2007年1月10日、同郷で防衛大臣の久間章生の推薦により、夏の参院選長崎選挙区で自民党公認での出馬を表明。それに先立ち、1月9日付で国見高の総監督 、長崎県教育委員会参与の役職を辞任している。4月、後任の監督として、島原商業時代の教え子で元熊本国府高監督の瀧上知巳が就任。
[編集] エピソード
- 島原商業がまだ全国レベルで勝てなかった頃、田畑を売り払ってマイクロバスを購入し、自らの運転で部員を連れて全国各地を転戦しながらチーム強化を図ったのは有名すぎるエピソード。九州の他校の指導者も小嶺に続き、後に九州はサッカー王国と呼ばれるに至った。
- 小嶺が国見高に異動して9ヶ月後の冬、島原商業の教え子たちが全国高校サッカー選手権で優勝を果たした(帝京と両校優勝)。ちなみに、国見高新監督の瀧上知巳はこのチームの3年生で、背番号10のエースストライカーとして活躍した。
- 元日本代表FWで、現横浜FC監督の高木琢也は中学3年生の時、自身が高校2年生に進級する年(1984年)に小嶺が島原商業から国見高に異動になるという噂を耳にしていたため、島原商業ではなく、あえて国見高に進学した。しかし、高木の在校中、全国高校サッカー選手権初出場を果たすことはできなかった(1学年下が3年時に初出場を果たし、準優勝)。

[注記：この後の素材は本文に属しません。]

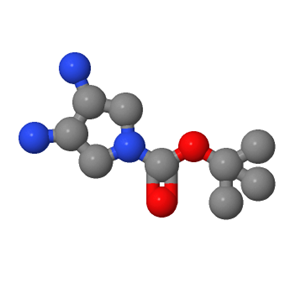 反式-(3R,4R)-3,4-二氨基吡咯烷-1-羧酸叔丁酯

- 1993年に日本で開催されたU-17世界選手権でU-17日本代表監督を務め、後に日韓ワールドカップで活躍することになる中田英寿、宮本恒靖、松田直樹、戸田和幸らを率いて、ベスト8進出の快挙を果たした。なお、A代表・年代別日本代表を通じて見ても、FIFA主催の国際大会で日本がベスト8に進出したのは、この時が初めてである。余談だが、U-17世界選手権のアジア予選を兼ねて前年に行われたU-17アジアユース選手権の日本代表監督を務めた際、高校入学前までFWだった松田直樹のDFとしてのセンスを早くから見いだし、FWからコンバートしている。
- 2000年の国体サッカー少年男子の部の競技において、長崎県選抜チームが国見高の選手単独で編成され、本大会決勝で静岡県選抜を4-0で破り、優勝(監督は別)。この年度国見高はインターハイ、選手権と合わせ、三冠を達成した。
[編集] 主な功績
[編集] 島原商業時代
[編集] 国見高時代
[編集] インターハイ
- 1986年 優勝(1回目)
- 1987年 準優勝
- 1992年 3位
- 1993年 優勝(2回目)
- 1997年 3位
- 2000年 優勝(3回目)
- 2002年 準優勝
- 2003年 優勝(4回目)
- 2004年 優勝(5回目・連覇)
[編集] 全日本ユース選手権
[編集] 全国高校サッカー選手権
- 1986年 準優勝(初出場での快挙)
- 1987年 優勝(1回目)
- 1989年 3位
- 1990年 優勝(2回目)
- 1991年 3位
- 1992年 優勝(3回目)
- 1993年 準優勝
- 2000年 優勝(4回目)
- 2001年 優勝(5回目・連覇)
- 2002年 準優勝(三連覇ならず)
- 2003年 優勝(6回目)
- 2004年 3位
※左の数字は年度を表している(高校選手権は1月上旬を中心に行われる)。